A promessa da “Abenomia”

TÓQUIO - O programa do primeiro-ministro japonês, Shinzo Abe, para a recuperação económica do seu país originou um aumento na confiança nacional. Mas até que ponto pode a “Abenomia” ser digna de crédito?

Curiosamente, um olhar atento sobre o desempenho do Japão durante a década passada dá pouca razão ao persistente sentimento baixista. Na verdade, em termos de crescimento do produto por cada trabalhador assalariado, o Japão tem feito um óptimo trabalho desde a viragem do século. Com uma mão-de-obra acanhada, o cálculo estandardizado para o Japão em 2012 - ou seja, antes da “Abenomia” - colocava o crescimento per trabalhador assalariado nos 3,08% ao ano. É um valor consideravelmente mais robusto do que o dos Estados Unidos, onde a produção por trabalhador cresceu apenas 0,37% no ano passado, e muito mais sólido do que o da Alemanha, onde diminuiu 0,25%.

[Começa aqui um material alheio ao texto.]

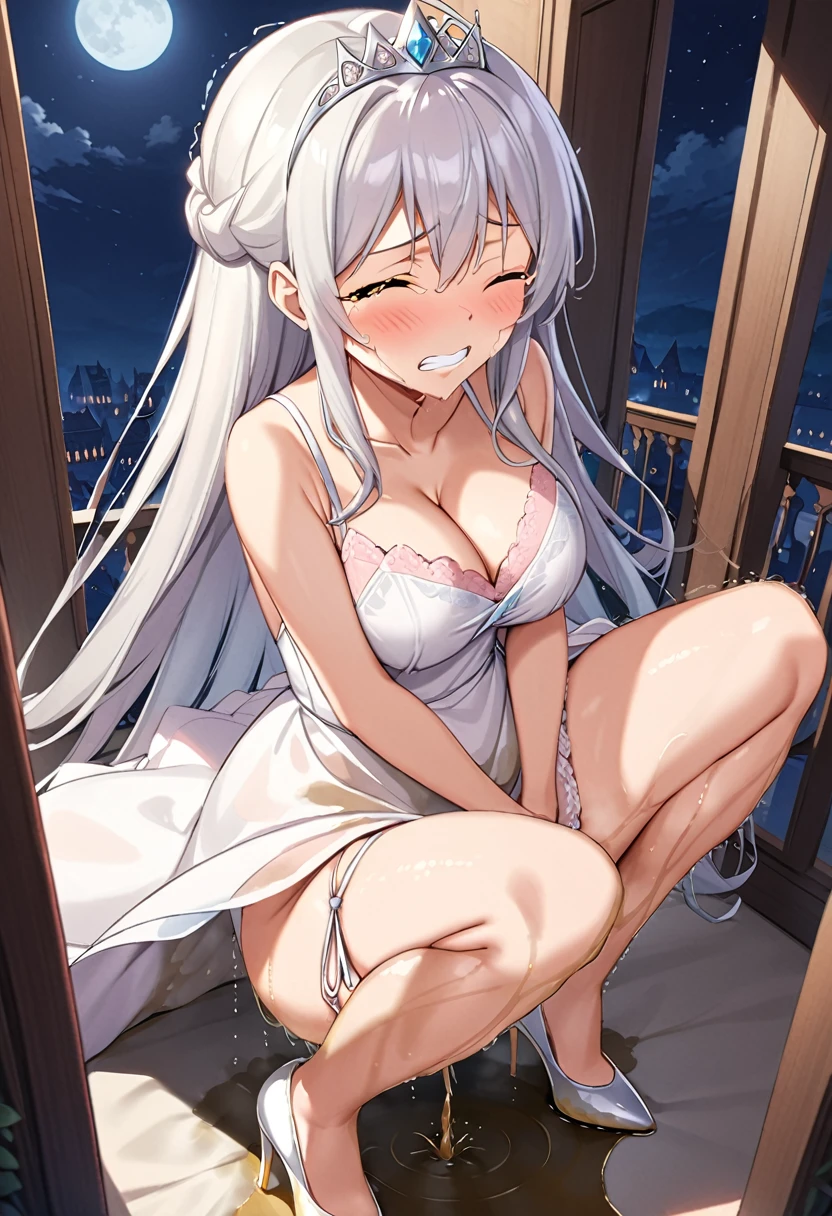 R18、Porn Image、adult、Sweaty、Asuna、STAR、Silver Hair、Red Eye、Elves、Semi-transparent black lace wedding dress、Troubled face、High angle、The focus is on the cleavage、Free Pose、Moonlit Night、Creampie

No entanto, e tal como muitos japoneses sentem de forma justa, a “Abenomia” só pode ajudar na recuperação do país. Abe está a fazer o que muitos economistas (inclusive eu) têm apelado na Europa e nos EUA: um programa abrangente que implique políticas monetárias, fiscais e estruturais. Abe compara esta abordagem ao acto de segurar três setas - se dominar uma de cada vez, podem-se dobrar, se dominar as três ao mesmo tempo, nenhuma dobra.